_Work required_:
Write out the records below exactly as they appear, skipping each picture.

(Saved data entries)
Start of Block

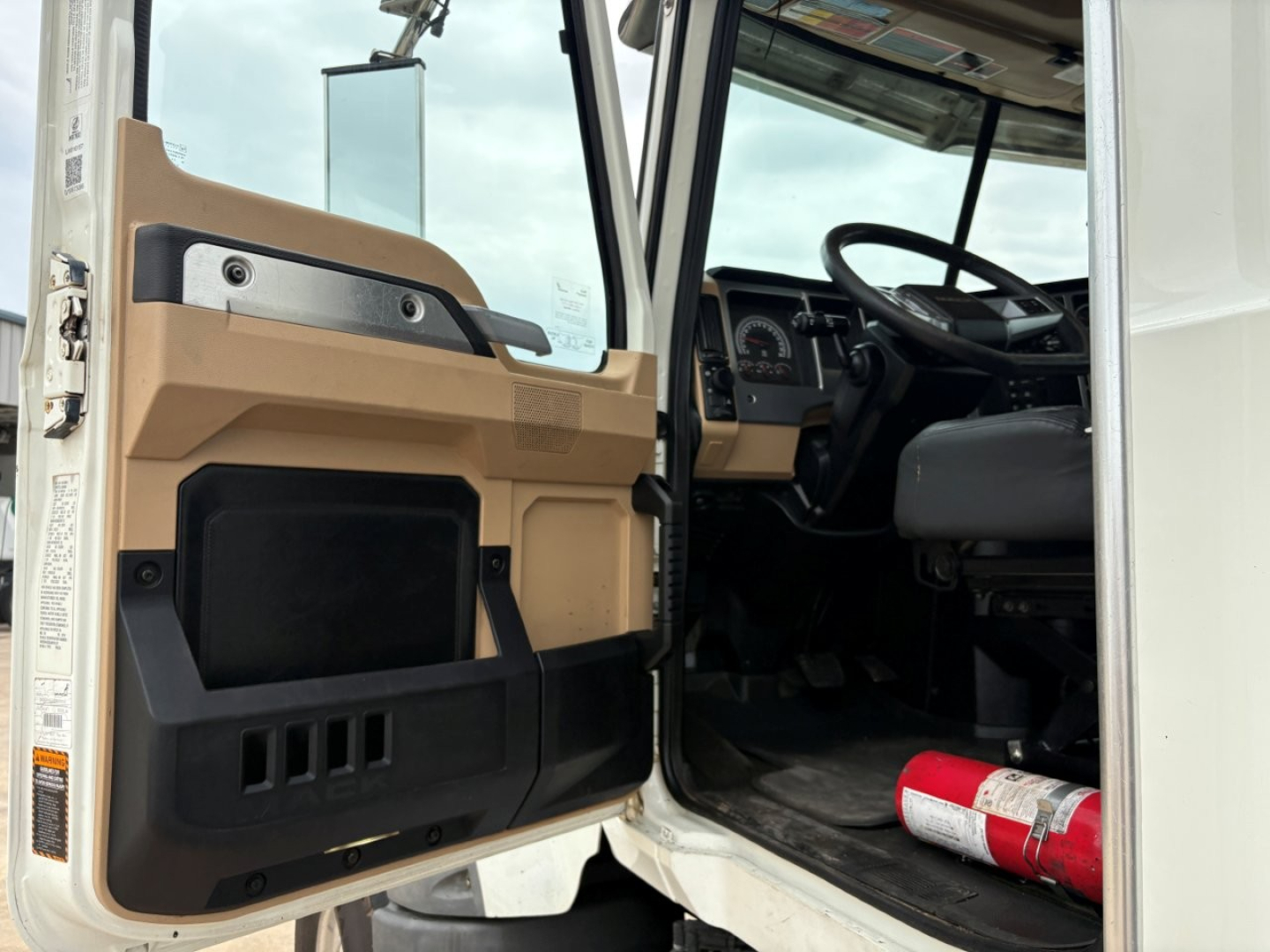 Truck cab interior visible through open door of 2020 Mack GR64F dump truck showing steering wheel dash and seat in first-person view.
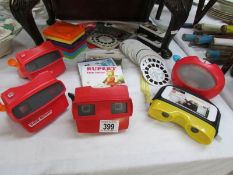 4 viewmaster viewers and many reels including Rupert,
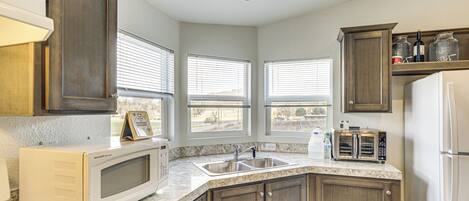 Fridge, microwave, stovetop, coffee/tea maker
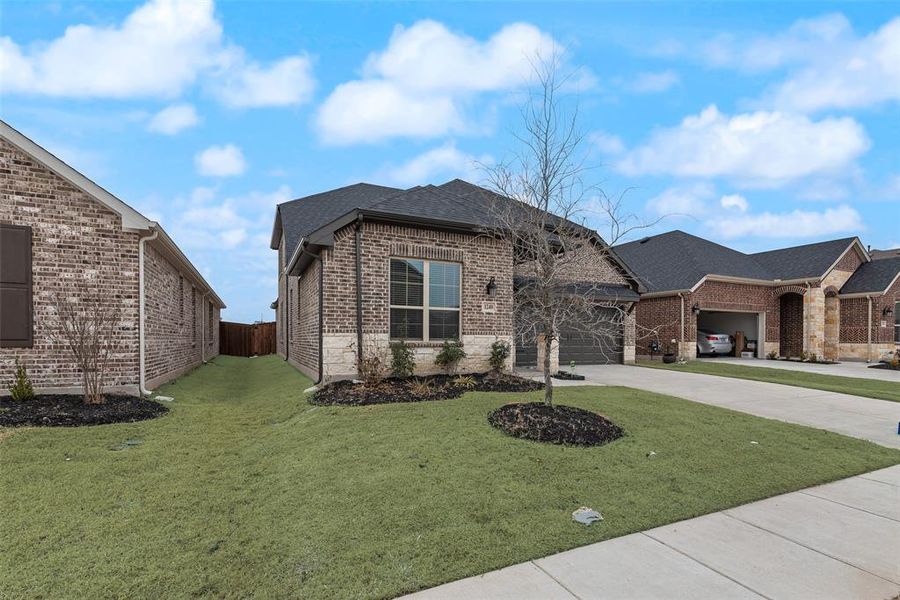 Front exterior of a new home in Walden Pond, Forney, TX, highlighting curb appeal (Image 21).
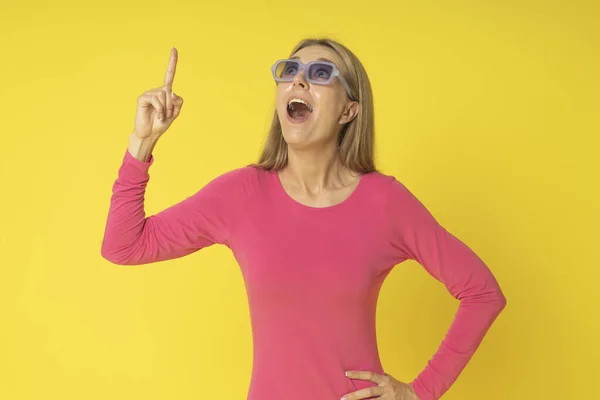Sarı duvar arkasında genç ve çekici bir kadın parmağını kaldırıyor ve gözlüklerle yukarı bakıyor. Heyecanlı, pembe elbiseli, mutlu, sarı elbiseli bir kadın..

End of Block

_Your response_:
 Truck cab interior visible through open door of 2020 Mack GR64F dump truck showing steering wheel dash and seat in first-person view.
 4 viewmaster viewers and many reels including Rupert,
 Fridge, microwave, stovetop, coffee/tea maker
 Front exterior of a new home in Walden Pond, Forney, TX, highlighting curb appeal (Image 21).
Sarı duvar arkasında genç ve çekici bir kadın parmağını kaldırıyor ve gözlüklerle yukarı bakıyor. Heyecanlı, pembe elbiseli, mutlu, sarı elbiseli bir kadın..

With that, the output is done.